#### Goal of the exercise:
I'd like every line in the following listing that holds "Edition" copied.
-------- Extracted information
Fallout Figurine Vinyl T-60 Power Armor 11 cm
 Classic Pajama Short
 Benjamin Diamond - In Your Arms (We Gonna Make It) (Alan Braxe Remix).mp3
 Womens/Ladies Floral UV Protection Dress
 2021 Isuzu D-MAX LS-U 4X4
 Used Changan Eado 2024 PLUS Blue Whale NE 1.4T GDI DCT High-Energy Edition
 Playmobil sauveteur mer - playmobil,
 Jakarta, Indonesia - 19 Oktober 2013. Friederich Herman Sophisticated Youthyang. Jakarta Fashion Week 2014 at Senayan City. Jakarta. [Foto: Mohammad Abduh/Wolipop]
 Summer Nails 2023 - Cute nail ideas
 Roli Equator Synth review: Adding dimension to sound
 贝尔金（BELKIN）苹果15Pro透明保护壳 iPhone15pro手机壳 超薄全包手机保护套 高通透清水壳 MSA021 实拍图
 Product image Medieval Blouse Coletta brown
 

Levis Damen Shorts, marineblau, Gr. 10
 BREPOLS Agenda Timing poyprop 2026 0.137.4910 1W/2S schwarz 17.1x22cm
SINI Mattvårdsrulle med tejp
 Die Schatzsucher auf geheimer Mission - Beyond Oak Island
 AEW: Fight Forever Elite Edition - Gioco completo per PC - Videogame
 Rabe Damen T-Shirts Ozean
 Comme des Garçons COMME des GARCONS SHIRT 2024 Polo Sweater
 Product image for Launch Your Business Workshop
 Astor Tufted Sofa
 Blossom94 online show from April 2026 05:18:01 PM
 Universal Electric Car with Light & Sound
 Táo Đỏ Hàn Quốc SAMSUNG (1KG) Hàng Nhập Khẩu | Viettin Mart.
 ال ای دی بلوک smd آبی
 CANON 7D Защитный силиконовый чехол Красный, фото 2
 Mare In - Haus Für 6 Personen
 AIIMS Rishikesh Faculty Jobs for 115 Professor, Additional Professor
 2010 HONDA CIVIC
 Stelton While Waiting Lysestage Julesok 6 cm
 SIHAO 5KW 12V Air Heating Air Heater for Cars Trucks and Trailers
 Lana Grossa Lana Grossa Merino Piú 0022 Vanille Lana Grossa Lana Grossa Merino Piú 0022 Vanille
----------------
#### Exercise solution:
 Used Changan Eado 2024 PLUS Blue Whale NE 1.4T GDI DCT High-Energy Edition
 AEW: Fight Forever Elite Edition - Gioco completo per PC - Videogame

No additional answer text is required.